In your copy, each line below is repeated exactly and no image appears.
(Beginning of PROVIDED DATA)
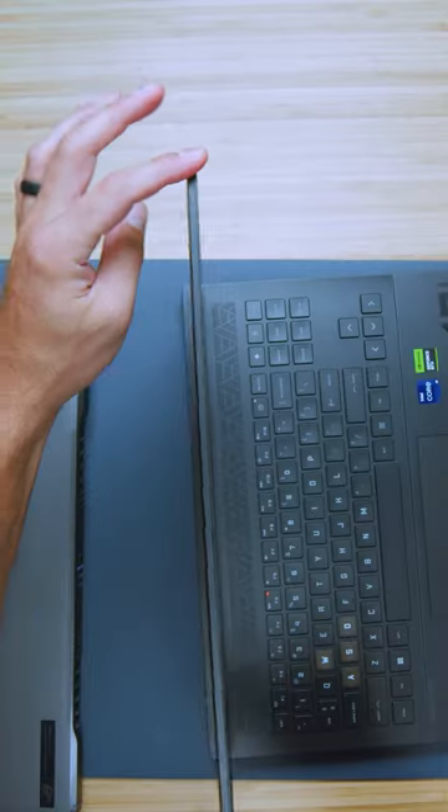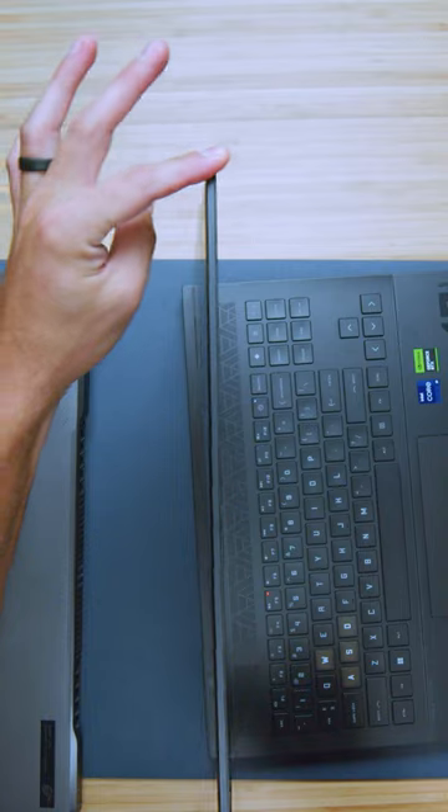Let's go ahead and check the screen flex. It definitely still has some screen flex. Taking a look at the G16 — I would say that's just as wobbly.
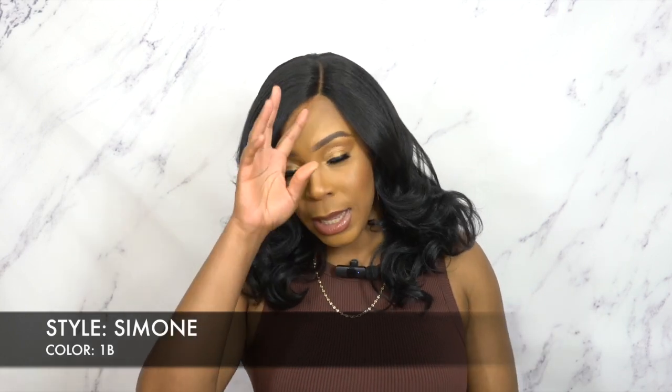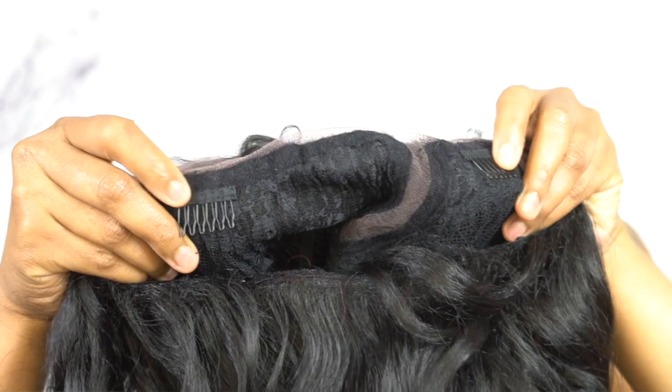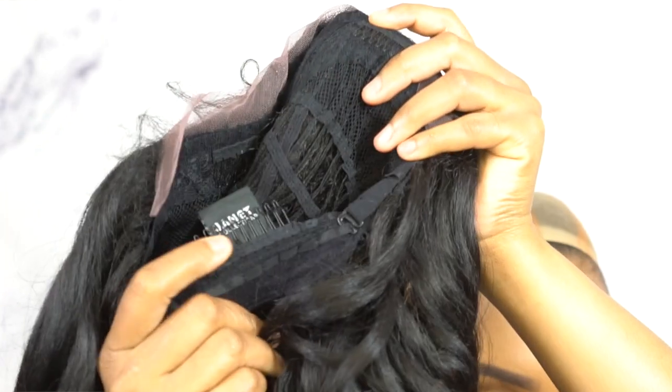When it comes to the cap, you have two combs up front, one at the back, and adjustable straps. It's a regular cap construction. I would say medium in cap size — it's comfortable, no issues, no irritation or anything like that.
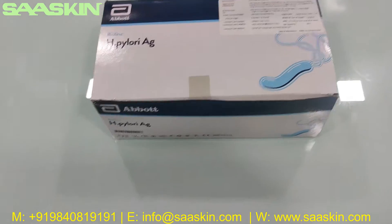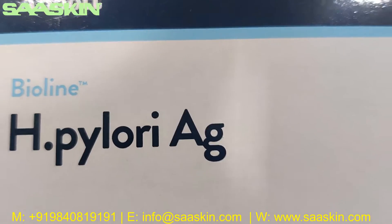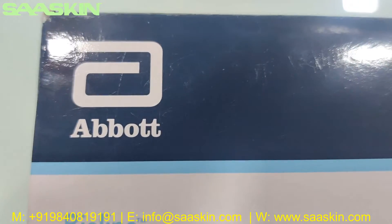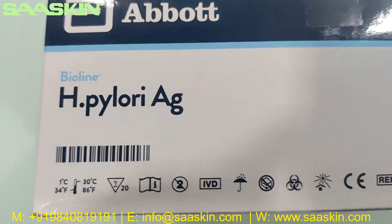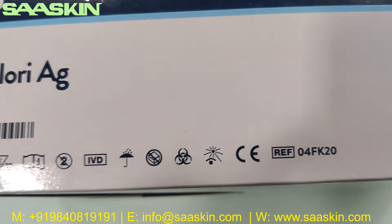Hello everybody, today we are going to see the unboxing of the Abbott BinaxNOW H. pylori antigen test kit. This is how the box looks like. You can see here it says Abbott BinaxNOW H. pylori antigen test kit.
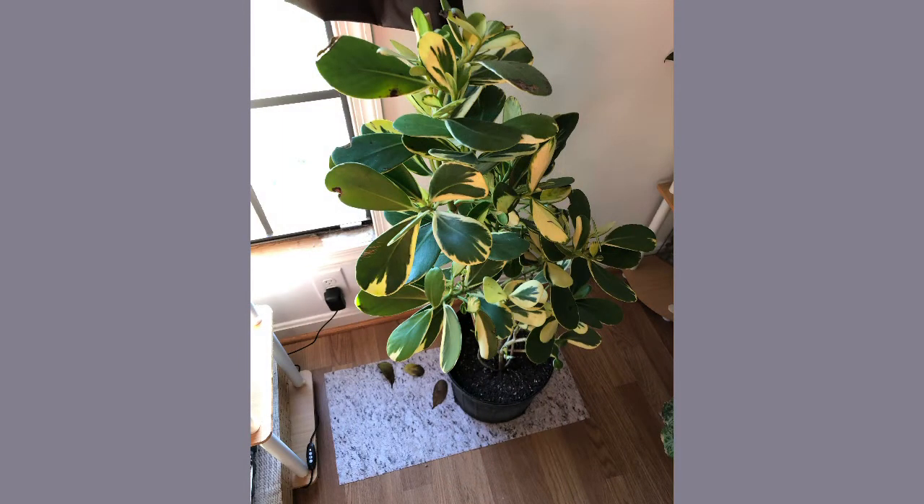Hey guys, it's Ebony. Thank you for clicking on my video. I want to show you this beautiful Clusia rosea variegata that I ordered several months ago. It's a really gorgeous plant and it was so full, but if you look closely in the picture you can see several of the leaves on the floor. Over the past three or four months, many of these leaves have turned black and fallen off.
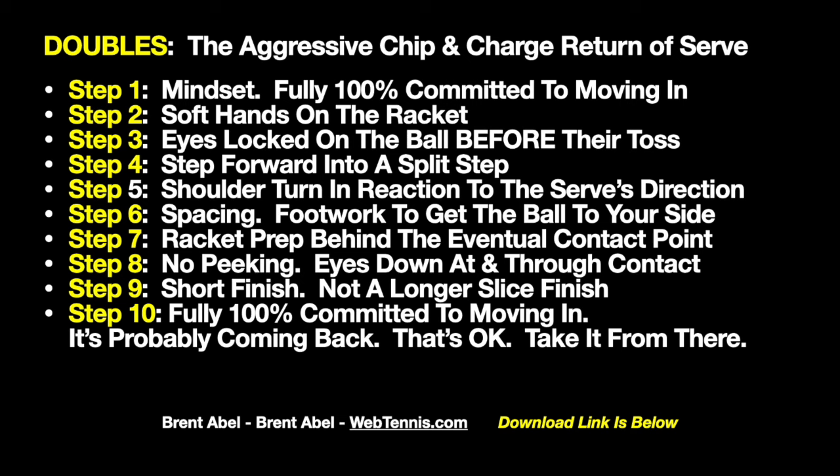Hope this has been helpful. Down below there's a link to get a copy of these notes — I highly encourage you to put it on your phone or print it out and stick it in your tennis bag so you've got a reference when you go out to practice. Any questions, comments, or remarks, let me know at brent@webtennis.com. Get out there, help someone else have a spectacular day, guys — see you next time.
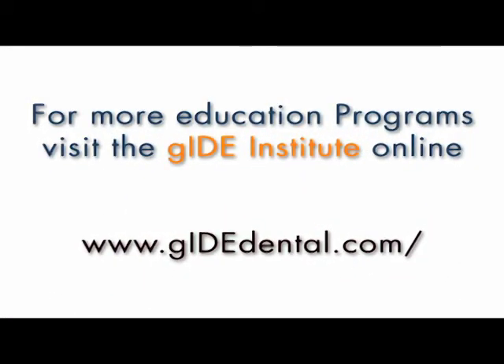For more education programs, visit the Guide Institute at www.guidedental.com.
(End of PROVIDED DATA)
### WRITTEN REPLY
Let's go ahead and check the screen flex. It definitely still has some screen flex. Taking a look at the G16 — I would say that's just as wobbly.
When it comes to the cap, you have two combs up front, one at the back, and adjustable straps. It's a regular cap construction. I would say medium in cap size — it's comfortable, no issues, no irritation or anything like that.
Hello everybody, today we are going to see the unboxing of the Abbott BinaxNOW H. pylori antigen test kit. This is how the box looks like. You can see here it says Abbott BinaxNOW H. pylori antigen test kit.
Hey guys, it's Ebony. Thank you for clicking on my video. I want to show you this beautiful Clusia rosea variegata that I ordered several months ago. It's a really gorgeous plant and it was so full, but if you look closely in the picture you can see several of the leaves on the floor. Over the past three or four months, many of these leaves have turned black and fallen off.
Hope this has been helpful. Down below there's a link to get a copy of these notes — I highly encourage you to put it on your phone or print it out and stick it in your tennis bag so you've got a reference when you go out to practice. Any questions, comments, or remarks, let me know at brent@webtennis.com. Get out there, help someone else have a spectacular day, guys — see you next time.
For more education programs, visit the Guide Institute at www.guidedental.com.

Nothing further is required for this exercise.